Pictures with short captions
-=-=-=-=-
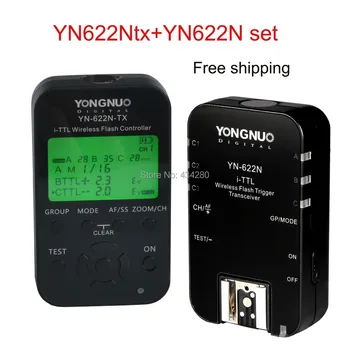 

Yongnuo High speed sync iTTL YN-622N-TX+YN-622N set Flash Controller Trigger for Nikon D7100 D7000 D5200 D5100 D5000 D3200 D3100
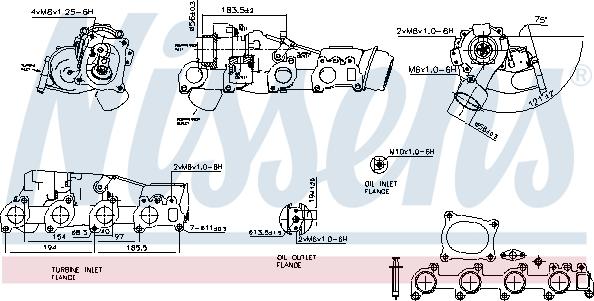 Nissens 93127 - Turbocompressore, Sovralimentazione autozon.pro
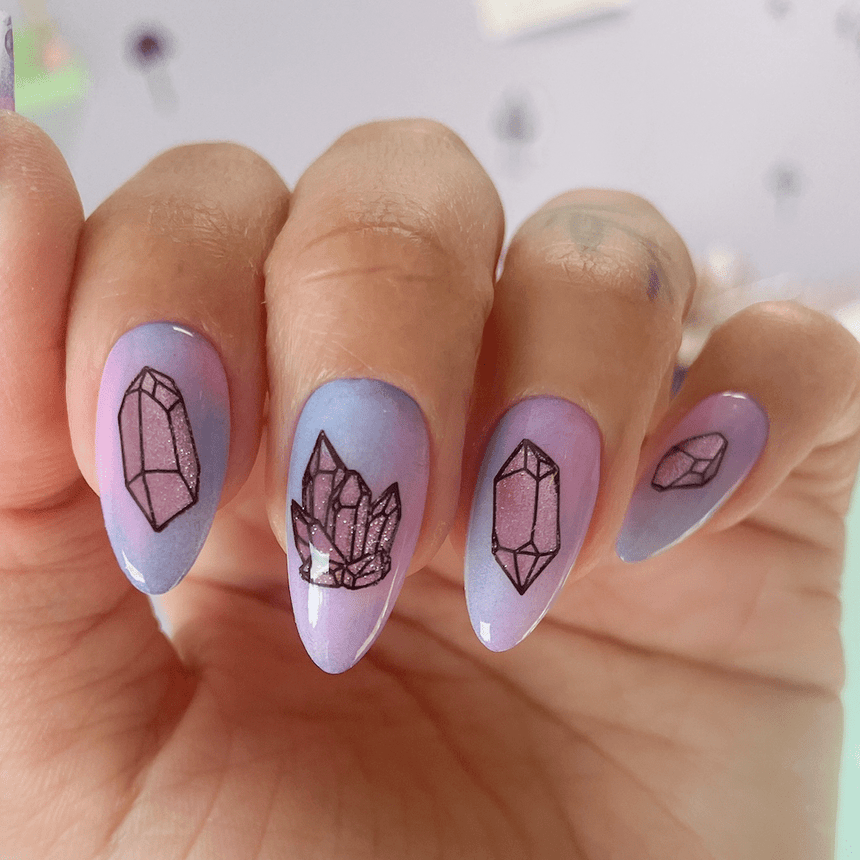 Artist Collaboration: Fauxja Cat (M489) - Nail Stamping Plate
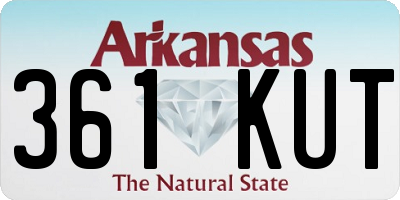 AR license plate 361KUT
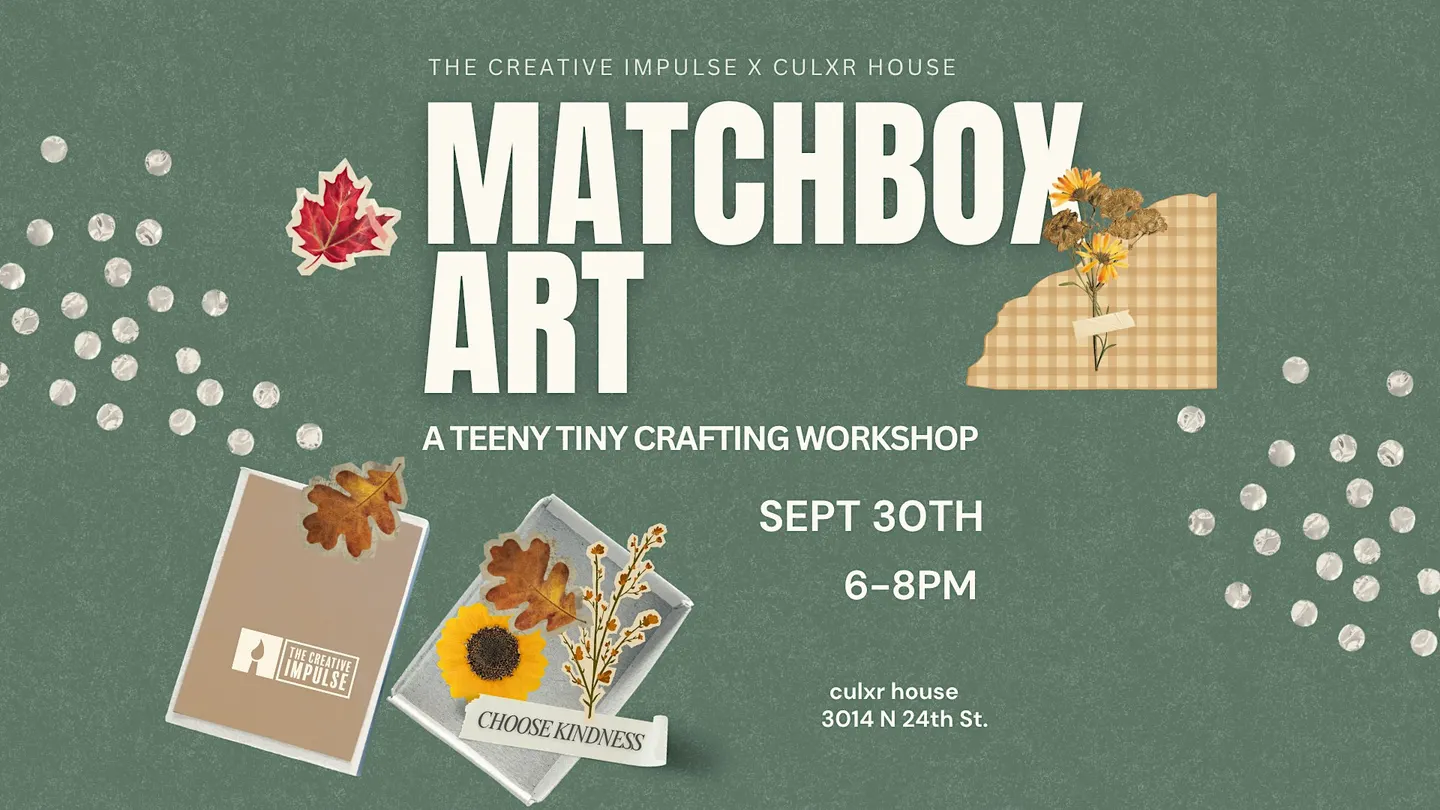 Matchbox Art: A Teeny Tiny Craft Experience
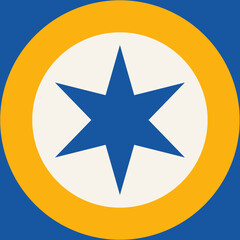 Vector Illustration of Abstract Geometric Shape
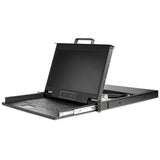 StarTech.com RKCONS17HD rack-konsol 43,9 cm (17.3") 1920 x 1080 pixel Stål Sort 1U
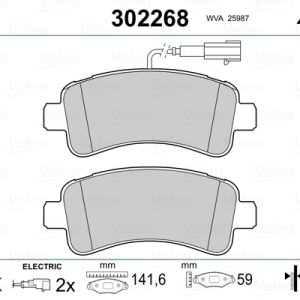 Placute frana OPEL MOVANO C platou / sasiu (U9) 2.2 BlueHDi 180 diesel 180 cai VALEO 302268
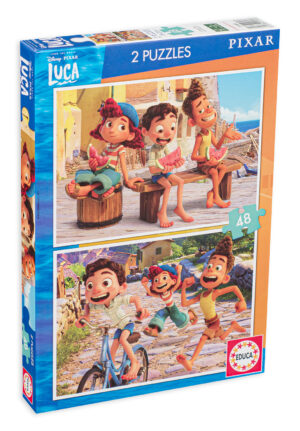 Пъзел Educa от 2 x 48 части - Лятното приключение на Лука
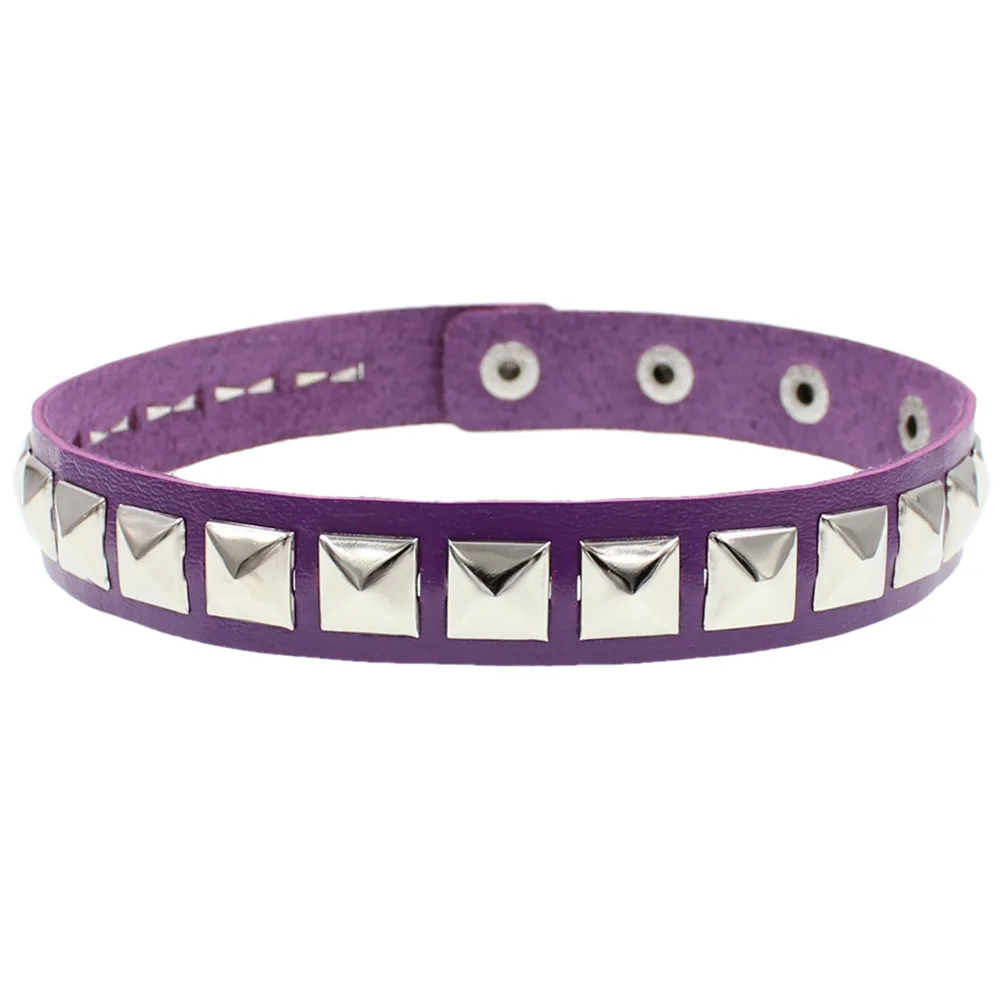 Punk Black Women PU Leather Square Rivets Choker Collar Necklace Hip Hop Female Girls Party Jewelry 2026 Neck Accessories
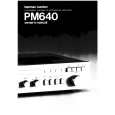 HARMAN KARDON PM640 Owners Manual HARMAN KARDON PM640 Owners Manual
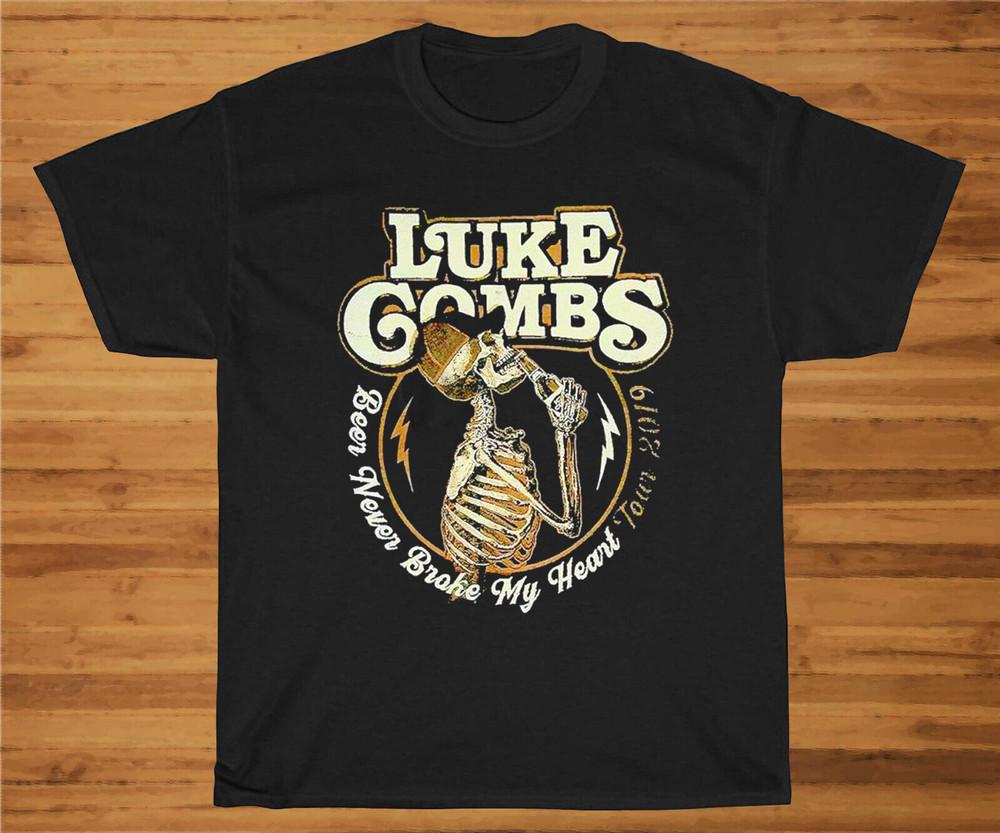 Luke Combs beer never broke my heart tour 2019 shirt All Sizes LI1097 Unisex T-Shirt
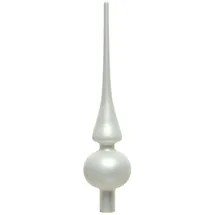 Kaemingk Christbaumspitze Glas 26cm winterweiß matt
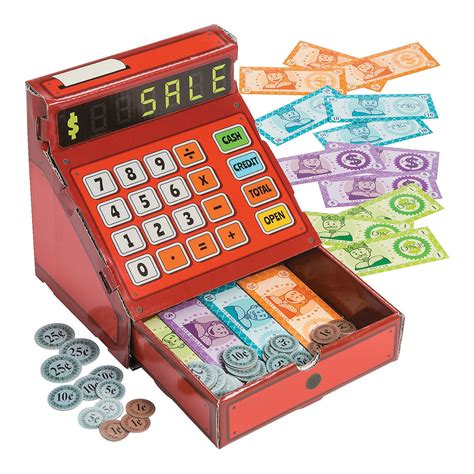 Play Cash Register With Money Toys 81 Pieces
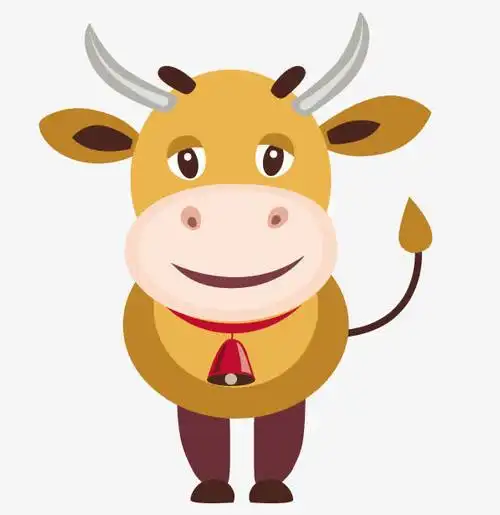 关键词__卡通可爱牛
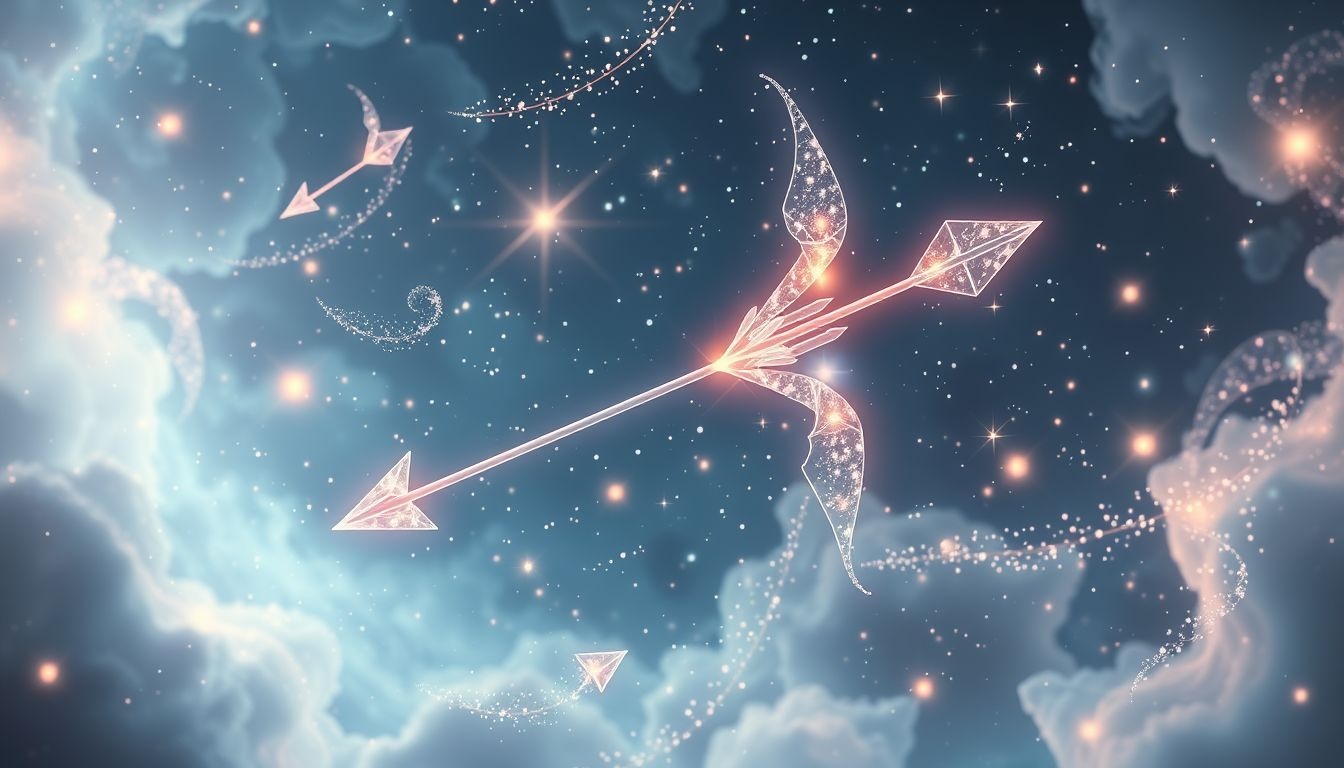 Dromen over pijl en boog symboliseren focus, doelgerichtheid en ambitie.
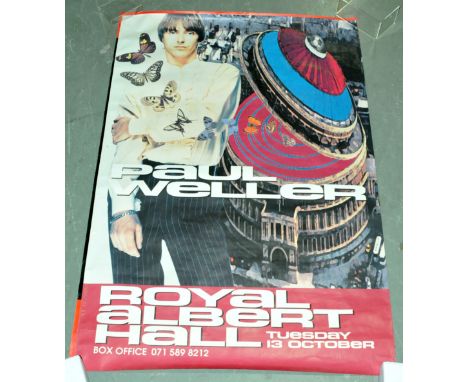 Paul Weller 2&nbsp; XLarge Tour Posters. Includes Royal Albert Hall large venue fly poster and First 4 Albums fly poster. Bot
-=-=-=-=-
The expected output is an exact copy of the lines from the top of the data above through the line containing "Punk Black Women", both included, with every picture omitted.

EXERCISE RESULT.
Yongnuo High speed sync iTTL YN-622N-TX+YN-622N set Flash Controller Trigger for Nikon D7100 D7000 D5200 D5100 D5000 D3200 D3100
 Nissens 93127 - Turbocompressore, Sovralimentazione autozon.pro
 Artist Collaboration: Fauxja Cat (M489) - Nail Stamping Plate
 AR license plate 361KUT
 Matchbox Art: A Teeny Tiny Craft Experience
 Vector Illustration of Abstract Geometric Shape
 StarTech.com RKCONS17HD rack-konsol 43,9 cm (17.3") 1920 x 1080 pixel Stål Sort 1U
 Placute frana OPEL MOVANO C platou / sasiu (U9) 2.2 BlueHDi 180 diesel 180 cai VALEO 302268
 Пъзел Educa от 2 x 48 части - Лятното приключение на Лука
 Punk Black Women PU Leather Square Rivets Choker Collar Necklace Hip Hop Female Girls Party Jewelry 2026 Neck Accessories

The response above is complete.